The motor timer is yet another mystery. I'm quite sure it's said LFSR. Here is a bit of theory and my line of reasoning:

* binary counters are very expensive to implement in that NMOS technology, in terms of area and transistor count. LFSR based counters are the most efficient. Just as a fun sidenote, those of you who had the LED version of the Texas Instruments TI-30 calculator of the 1970s and marveled at the nice 'spinning' digit while it was calculating transcendental functions, you now know why: the program counter of that very primitive CPU was based on a LFSR and did double duty to drive the segments of the display.

* The IWM has an internal CLK which is FCLK/2, so we can assume the designers of the IWM used that, to shorten the LFSR by one bit.

* I ran some experiments after IWM power up and found that the motor timer would produce inconsistent delays (in terms of FCLK count) unless the motor control bit (L4) was set for more than a certain number of clock cycles (did not explore the exact threshold yet). The most logical explanation for this is that a set L4 just shifts '1's into the LFSR, to initialize it. Once the L4 gets cleared, the LFSR goes through its pseudorandom sequence until it reaches a value where some logic detects an end value. This then would be interpreted as a motor timer who has run out, and the motor would be turned off (unless the IWM is configured with motor timer disabled).

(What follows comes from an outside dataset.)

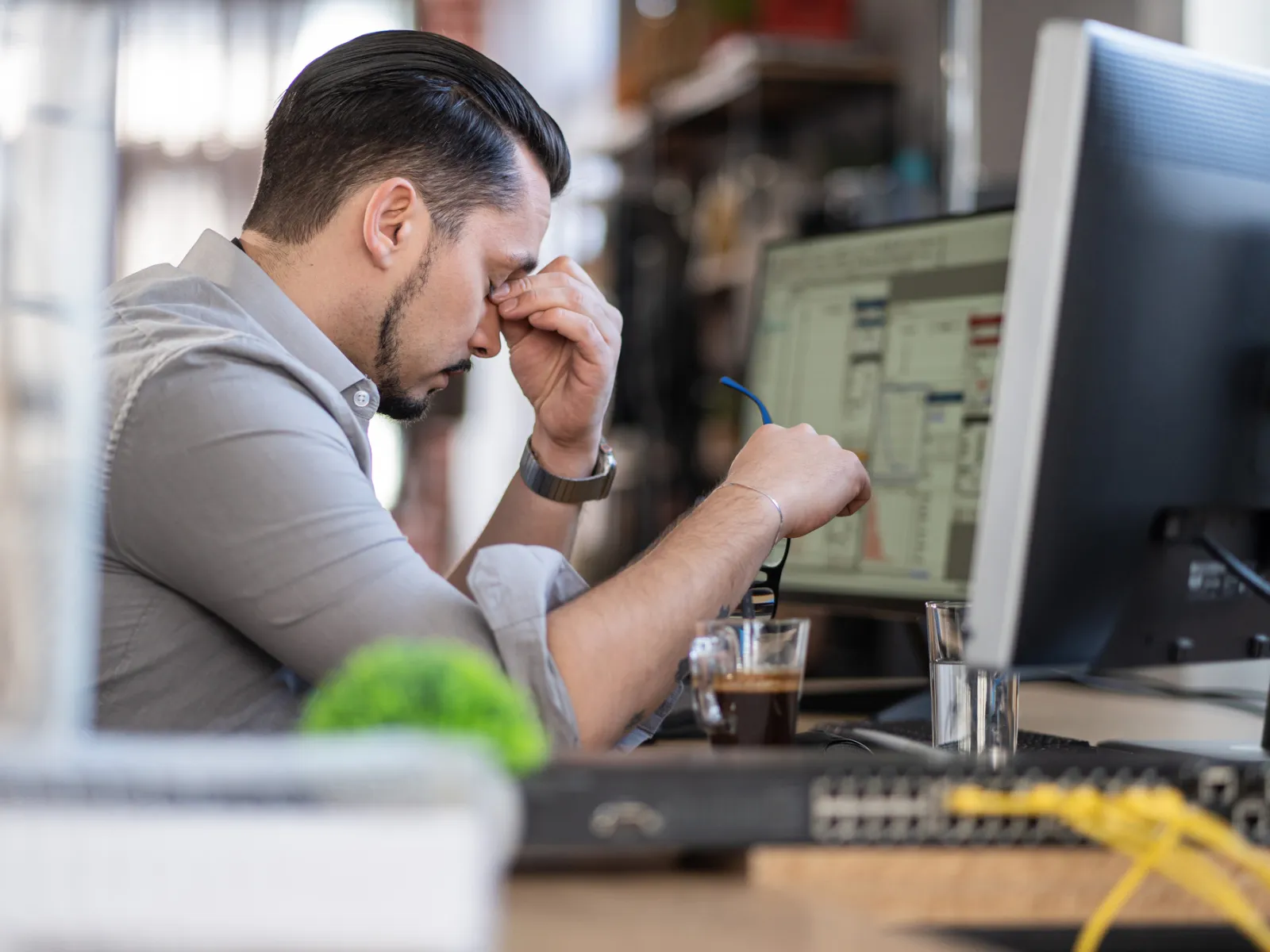 a man working on a computer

* There is evidence for this logic on the shift register. If you look at the IWM die photo at a magnification you can see that the (alleged) shift register has two horizontal parallel metal lines carrying the internally generated non-overlapping clock phases (PHI1, PHI2, typical for dynamic NMOS logic of the time) but there also are two further horizontal parallel metal lines which form two NOR gates with many inputs, coming out of the shift register. Here is an annotated snip of the die photo: (please note that I did not look to long at it, so take this with a grain of salt)

IWM_shifter.JPG

Shift register like structure in the IWM

The "L" I drew in red is a poly line which forms a gate of a NMOS transistor, the source being grounded (the GND ? means "tentative") and the drain going to the summing metal line of one of the NORs. The usual depletion load transistor to pull up the line (and complete the NOR) is elsewhere.

This type of circuit can detect any state of the shift register. But I can't know if the shift register is negative logic or not, nor its length, nor its feedback terms (the polynomial). This would require a more thorough and time consuming analysis of the die photo. Which I don't want to do.

* Now, if we assume that the designers of the IWM wanted minimum transistor count, the most likely candidate would be a 22 bit LFSR with the polynomial P(x) = x^22 + x^21 + 1. This would require a two input XOR gate with inputs driven by the last and the previous last shift register stage, feeding back to the first shift register stage.

When initialized with all '1', this will reach all '1' after 2^22 - 1 = 4,194,303 shifts. This would be 8,388,606 FLCKs. But the motor timer in the IWM runs for 8,322,817 FLCKs. So they either use a different polynomial, or a different start value, or they detect the state of the LFSR at (or around) 4,161,408 shifts using said NORs. (There is an uncertainty of a few FCLKs give or take, as there may be additional clocked dynamic logic stages downstream, until the motor turns off).

* My take on this (unless I'm completely mistaken or in the woods, and I see ghosts, aka LFSRs which are not there) is that this complication over a plain vanilla LFSR wih P(x) = x^22 + x^21 + 1 is, most likely, intentional. You may ask why this makes sense (or not).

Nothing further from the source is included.